━━━━━ Listed records

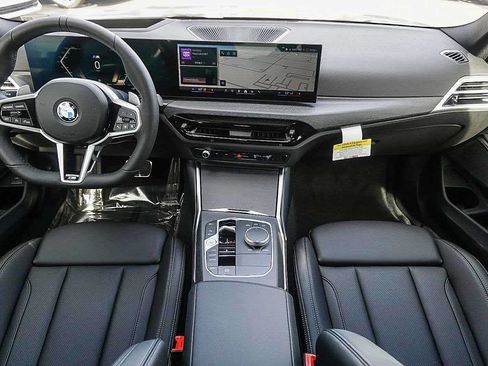 Used 2026 BMW 330i Sedan w/ M Sport Package RWD image 13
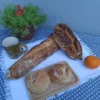 Assortiment de pains variés sur une table, avec thé et décor, pour illustrer un Zoom sur le pain.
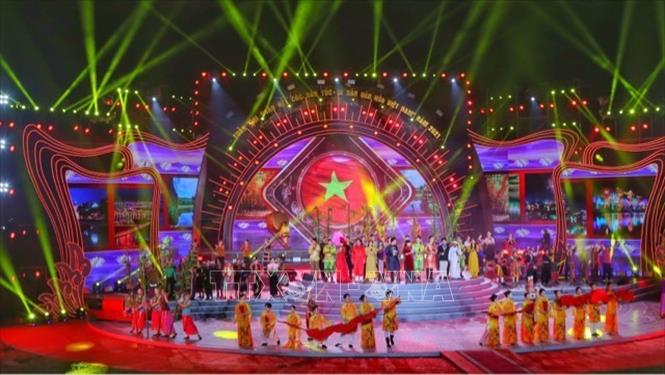 Chủ tịch Quốc hội dự khai mạc Tuần 'Đại đoàn kết dân tộc - Di sản văn hóa Việt Nam'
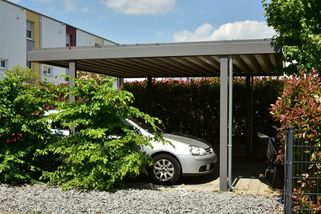 Ministerstvo spustilo dohled nad malými stavbami na zahradách. Problém je i přístřešek na auto bez stavebního povolení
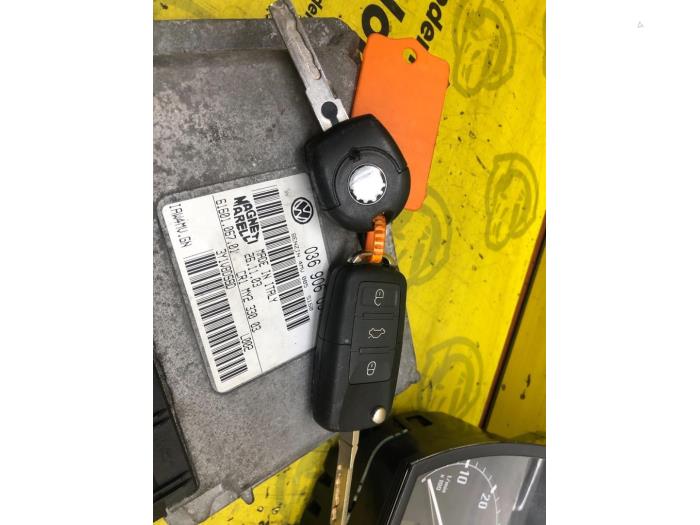 Używane Komputer sterowania silnika Skoda Fabia (6Y2) 1.4i 16V Cena € 150,00 Procedura marży oferowane przez autodemontage denollen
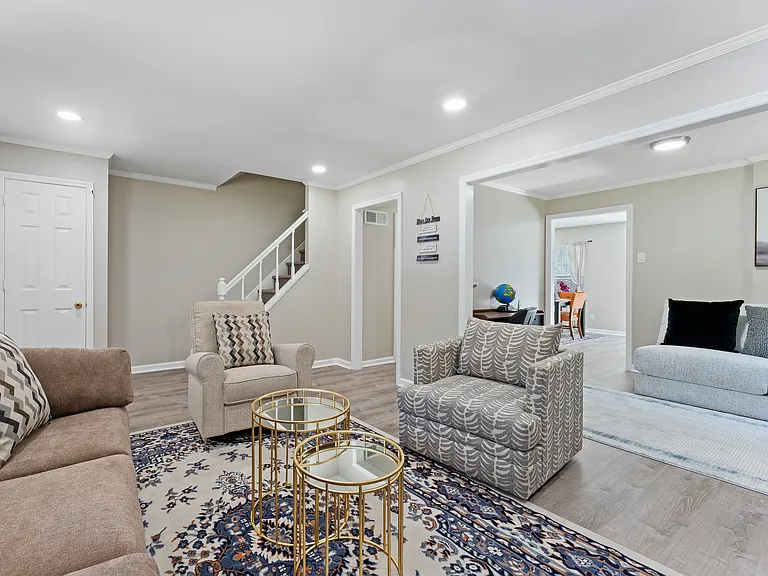 154 Old Forge Dr — Photo 5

━━━━━━━━━━

The problem: From the first line to the last, reproduce the listing above exactly, leaving the pictures out.

Solution to this problem:
 Used 2026 BMW 330i Sedan w/ M Sport Package RWD image 13
 Assortiment de pains variés sur une table, avec thé et décor, pour illustrer un Zoom sur le pain.
 Chủ tịch Quốc hội dự khai mạc Tuần 'Đại đoàn kết dân tộc - Di sản văn hóa Việt Nam'
 Ministerstvo spustilo dohled nad malými stavbami na zahradách. Problém je i přístřešek na auto bez stavebního povolení
 Używane Komputer sterowania silnika Skoda Fabia (6Y2) 1.4i 16V Cena € 150,00 Procedura marży oferowane przez autodemontage denollen
 154 Old Forge Dr — Photo 5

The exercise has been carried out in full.